Als een onverwoestbare, stalen dna-streng wentelt een zwarte trap zich een donkere huiskamer in. Maar het zou ook een ijzeren gevangenistrap kunnen zijn die vanuit de gemeenschappelijke ruimte naar de cellen leidt. Beide associaties kloppen bij de voorstelling ‘Lange dagreis naar de nacht’ van Toneelgroep Amsterdam waarvan de wenteltrap het toneelbeeld bepaalt.
Met ‘Lange dagreis naar de nacht’ schreef de invloedrijke Amerikaanse toneelschrijver Eugene O’Neill een afrekening met zijn eigen pijnlijke verleden en zijn verslaafde ouders. Maar hij wist daar tegelijkertijd een meer universele schets van schrijnend menselijk onvermogen van te maken. Een onvermogen om te gaan met het verleden, met knellende familiebanden en met de eigen zwakten die het resultaat zijn van datzelfde verleden en diezelfde bloedband.

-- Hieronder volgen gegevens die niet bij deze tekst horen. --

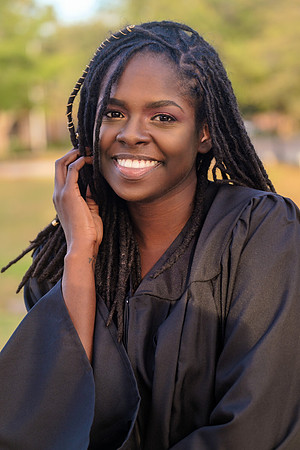 Mobile Alabama Senior Portrait Photographer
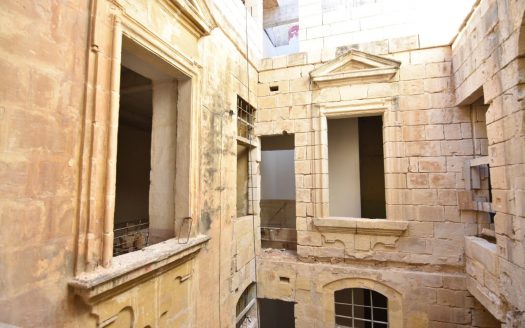 Palazzo Maltais à La Valette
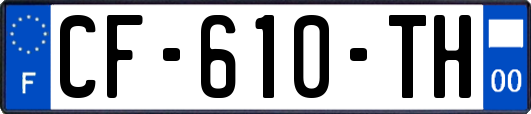 CF-610-TH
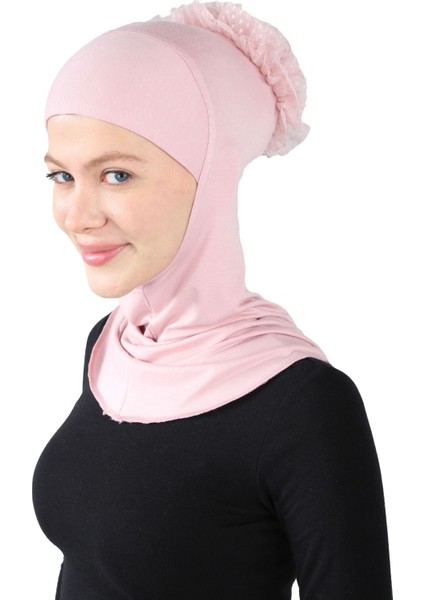 Topuzlu Büyük Hijab fiyatları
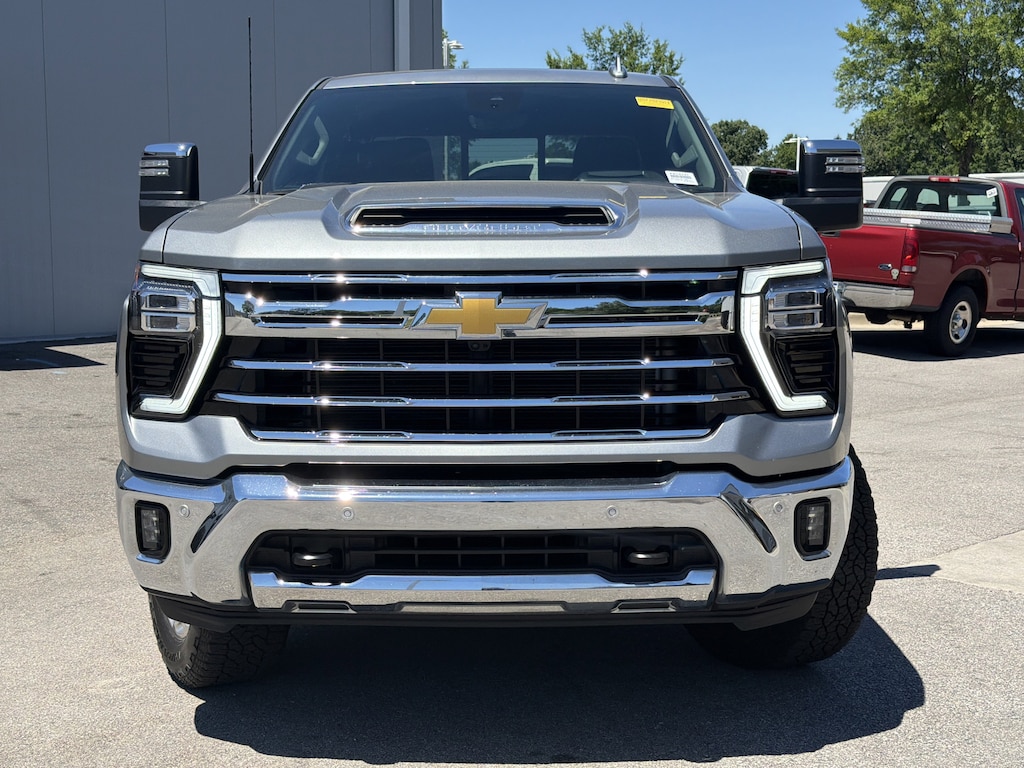 Used 2025 Chevrolet Silverado 2500HD LTZ Pickup
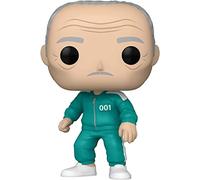 Funko Pop Serie TV The Squid Game Player 001 Oh Il Nam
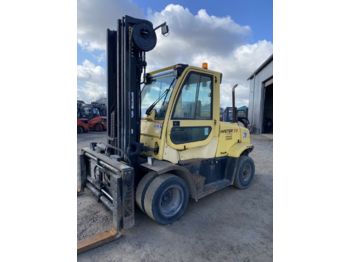 4-wheel front forklift Hyster H7.OFT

In een zomerhuis komt een echtpaar met hun zonen bij elkaar om te vieren dat moeder van haar morfineverslaving af is. Haar verslaving heeft diepe sporen getrokken door de familierelaties, die zich niet zo makkelijk laten uitwissen. Hoewel het gezin het verleden het liefst vergeet, kan er in het vakantiehuis geen zin worden geuit of geen stap worden gezet zonder dat verleden weer op te roepen. Dat leidt tot precies die nieuwe vicieuze cirkel van pijn, drank, morfine, verwijten en nieuwe pijn die men uit alle macht probeerde te vermijden.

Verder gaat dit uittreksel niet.